Friday, February 6, 2009

The Big Skinny

The Big Skinny How I Changed My Fattitude is a new autobiographical graphic novel memoir by Carol Lay (195 pages full color, published by Villard Books). Cartoonist Carol Lay, at age 50, had an epiphany that after spending most of her life struggling with a weight problem (most of her life she was 30 pounds overweight), she needed to make lifestyle changes so she carefully monitored her calorie intake and started exercising regularly which of course is essential to maintaining your ideal weight, not going on and off diets.

In The Big Skinny, Carol Lay shows how she changed her eating habits, how she counts calories almost obsessively, and how she incorporates working out into her day. She makes allowances for when she goes on trips, for special occasions, for holidays, and for days when you just feel out of whack, but she stresses the importance of getting back into a routine of carefully watching your calorie intake and the importance of regular exercise. The Big Skinny is filled with examples of how anyone can adopt smart eating into their lives, there's a section at the end of the book with some easy to make meal ideas / recipes and a good different foods calorie breakdown chart, and this is all done in the entertaining visual narrative cartooning style that Carol Lay has.

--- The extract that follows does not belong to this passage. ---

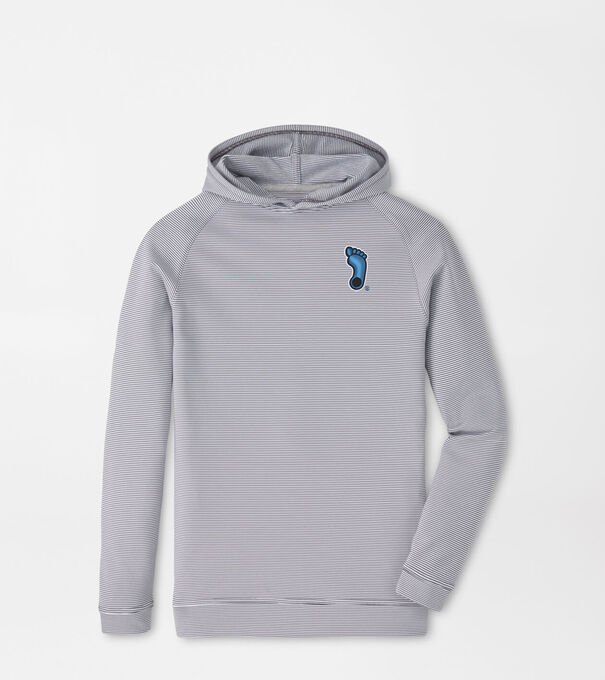 UNC Tar Heels Pine Youth Sugar Stripe Performance Hoodie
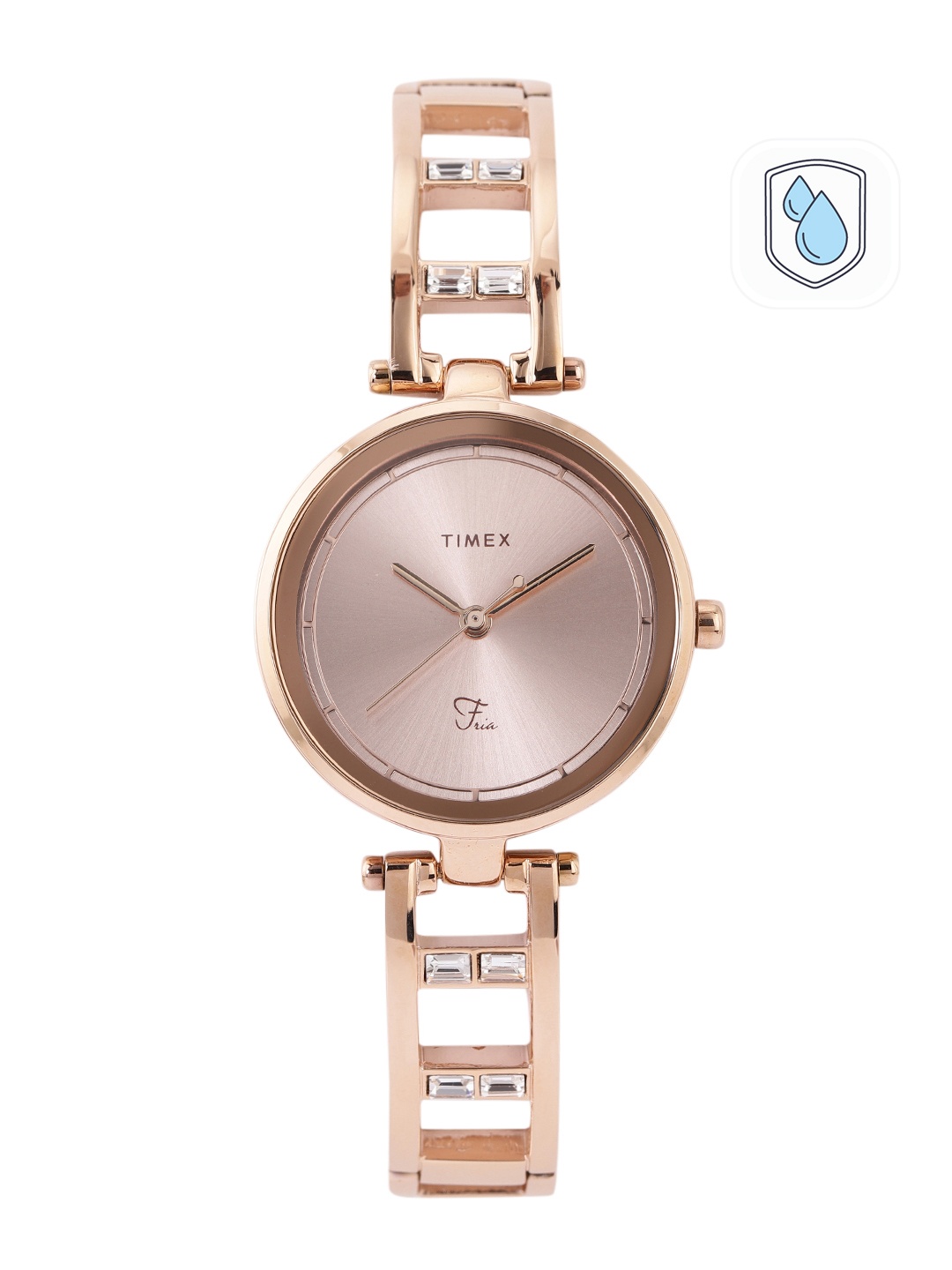 

Timex Women Pink Dial & Rose Gold-Toned Bracelet Style Analogue Watch TWEL15300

Carol Lay thoroughly chronicles the impact our eating choices have and gets into how difficult it is to make the lifestyle changes that are required for smart eating to work (such as watching portions when going to restaurants and doing some kind of varied regular workouts every week) which makes The Big Skinny a great springboard for all of us who aren't eating smart (and that does include most of us).

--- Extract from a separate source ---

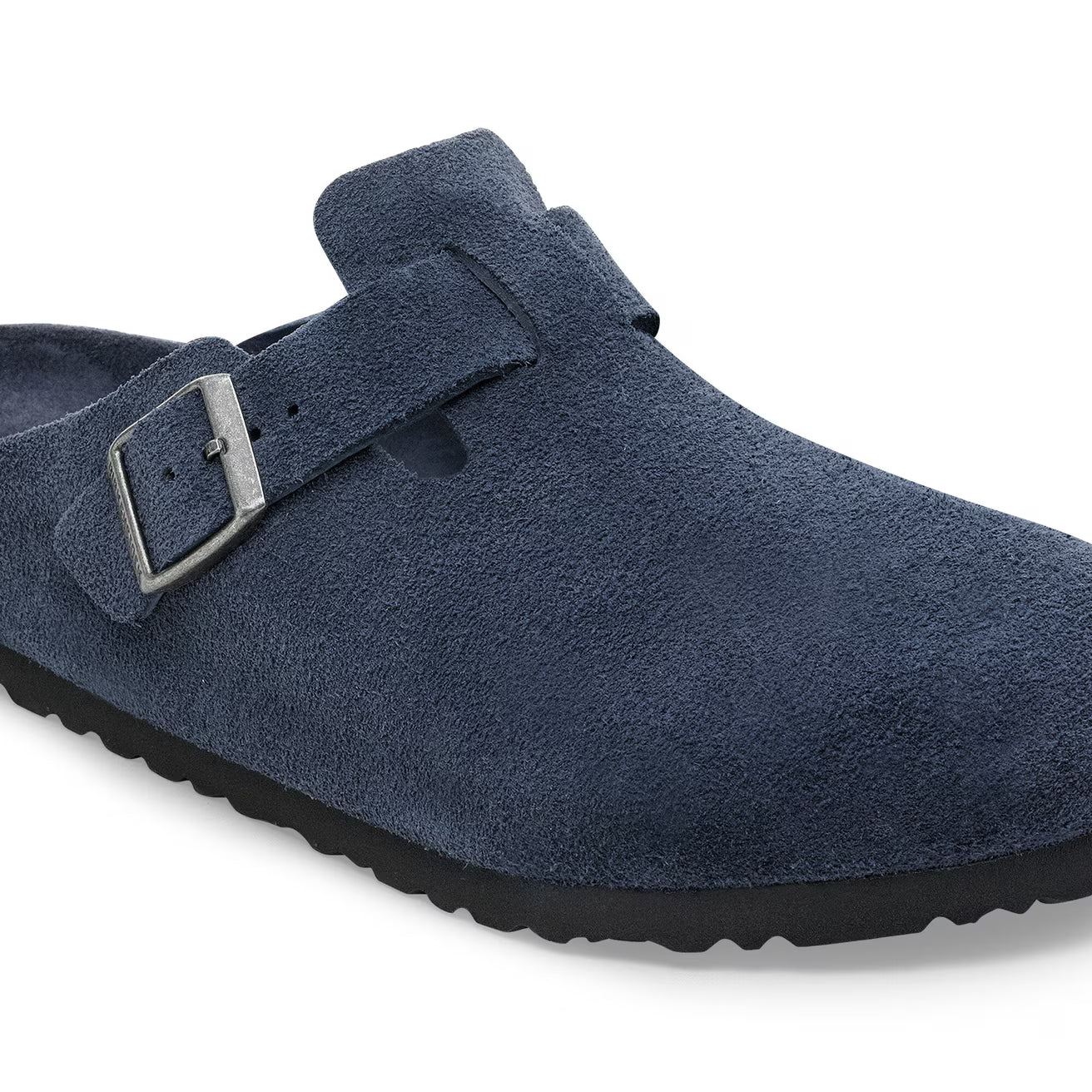 Boston SFB Navy Tonal Footbed - Suede Leather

While I know that a lot of people have bigger problems adopting better eating practices and sticking with exercise routines than I do, over the last few months I've fallen off the wagon and am not eating as smart as I could be or working out as I should. I'm a vegan (no dairy or eggs, in addition to not eating meat and fish), but just being a vegan doesn't automatically make one healthy. I have a big sweet tooth and it has become easier to find junk food that doesn't have dairy or eggs in them and for whatever reason lately I've been not listening to my inner voice that says to resist temptation. I'm a lazy cook and don't think much about what I'm going to eat, instead just making something out of a box or can (as long as the ingredients aren't animal in origin) that'll fill me up, not thinking much about whether I'm getting the nutrients I should have that'll properly fuel me. I like starchy foods, carbohydrates, and other sugary foods so those are the foods I'll consume mostly and eating too much of those kinds of foods in addition to my increased fondness for beer, has contributed to my waist / abs being what I want them to be. I still workout five times a week, which now consists of an hour on our indoor exercise bike and doing push-ups and one hundred crunches a day, but I know I need to vary my workout more than I do because even though cardiovascular work outs are good, I know that I should also be doing some weight and resistance workouts.

I've shared the above to illustrate that even people who look like they're in shape or healthy, such as myself, aren't totally and could use some fine-tuning with regards to eating and working out. So for me The Big Skinny was a wake-up book and I'm going to re-commit myself and start actually planning what I eat (and how much, because I do like to eat!), resist temptation for sweets better than I am currently, and try to vary my workouts and not just do them on auto pilot (which is better than not doing a workout at all, but your body needs to be challenged). I've found that the best way to make this work is to make these changes into routines so that you find yourself doing them on a regular basis instead of thinking of other things you could be doing (or eating) instead.